Records provided START

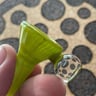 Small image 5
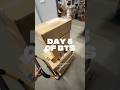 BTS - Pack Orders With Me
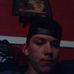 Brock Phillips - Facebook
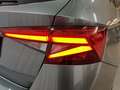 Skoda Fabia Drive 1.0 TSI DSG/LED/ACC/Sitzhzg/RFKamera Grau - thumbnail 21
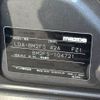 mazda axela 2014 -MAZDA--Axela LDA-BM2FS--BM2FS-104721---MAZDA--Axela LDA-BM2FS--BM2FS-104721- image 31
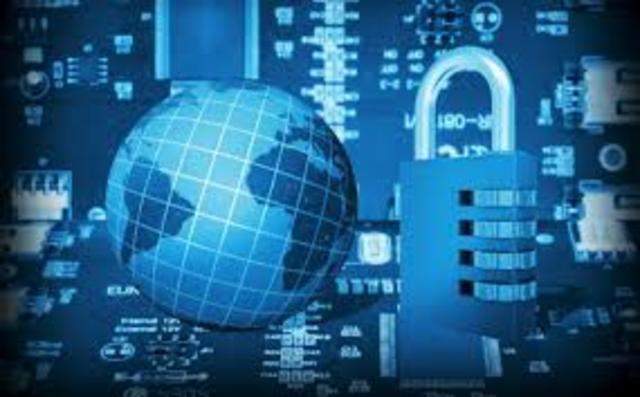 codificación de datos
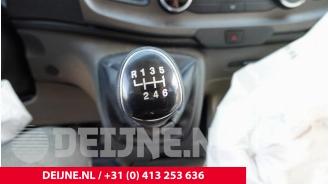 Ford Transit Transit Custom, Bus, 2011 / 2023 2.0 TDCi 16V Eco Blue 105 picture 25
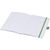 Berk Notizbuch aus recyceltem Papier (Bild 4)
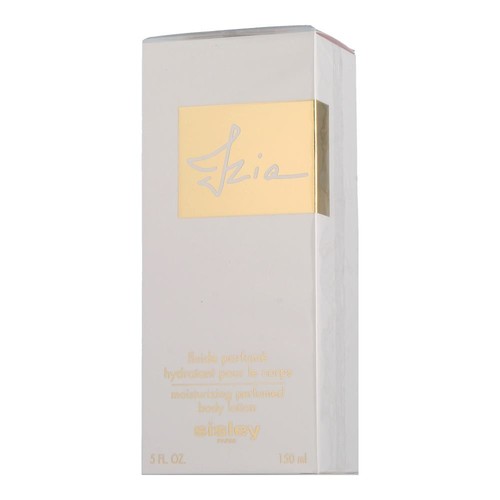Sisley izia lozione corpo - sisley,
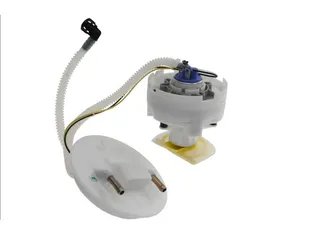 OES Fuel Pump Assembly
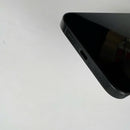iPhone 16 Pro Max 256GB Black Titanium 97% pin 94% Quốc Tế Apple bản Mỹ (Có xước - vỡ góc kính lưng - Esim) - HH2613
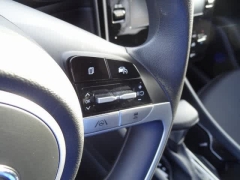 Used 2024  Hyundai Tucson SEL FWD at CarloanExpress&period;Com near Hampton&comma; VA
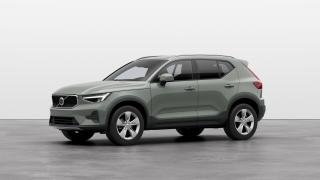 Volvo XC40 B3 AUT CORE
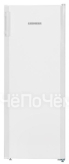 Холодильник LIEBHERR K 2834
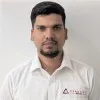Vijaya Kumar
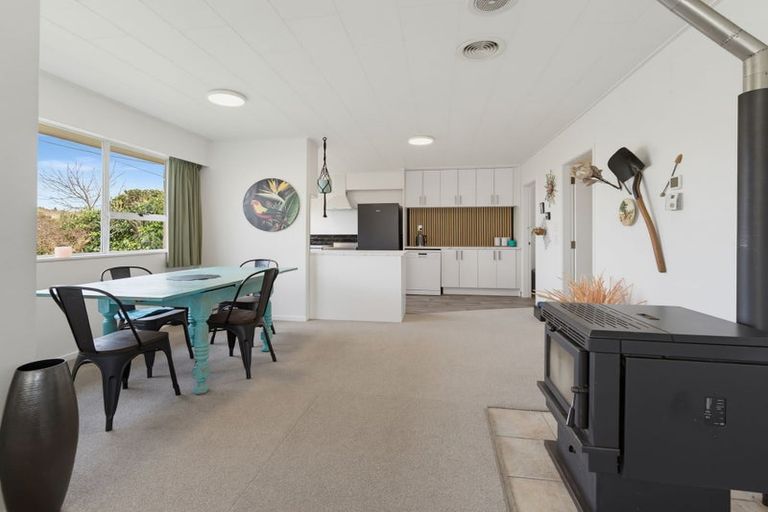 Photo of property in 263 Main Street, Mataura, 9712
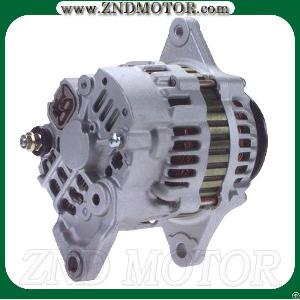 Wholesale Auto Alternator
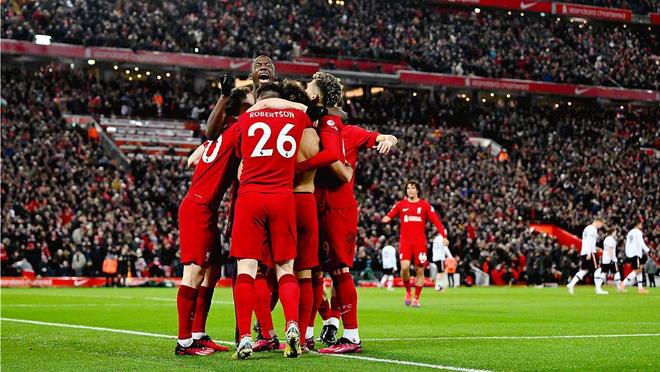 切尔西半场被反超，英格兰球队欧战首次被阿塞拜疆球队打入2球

Records provided END

§ **Problem to work on**:
Take the lines from the one holding "Volvo XC40 B3 AUT CORE" through the final line of the records above and output them exactly, both ends included, excluding pictures.

§ **Written answer**:
 Volvo XC40 B3 AUT CORE
 Холодильник LIEBHERR K 2834
Vijaya Kumar
 Photo of property in 263 Main Street, Mataura, 9712
 Wholesale Auto Alternator
 切尔西半场被反超，英格兰球队欧战首次被阿塞拜疆球队打入2球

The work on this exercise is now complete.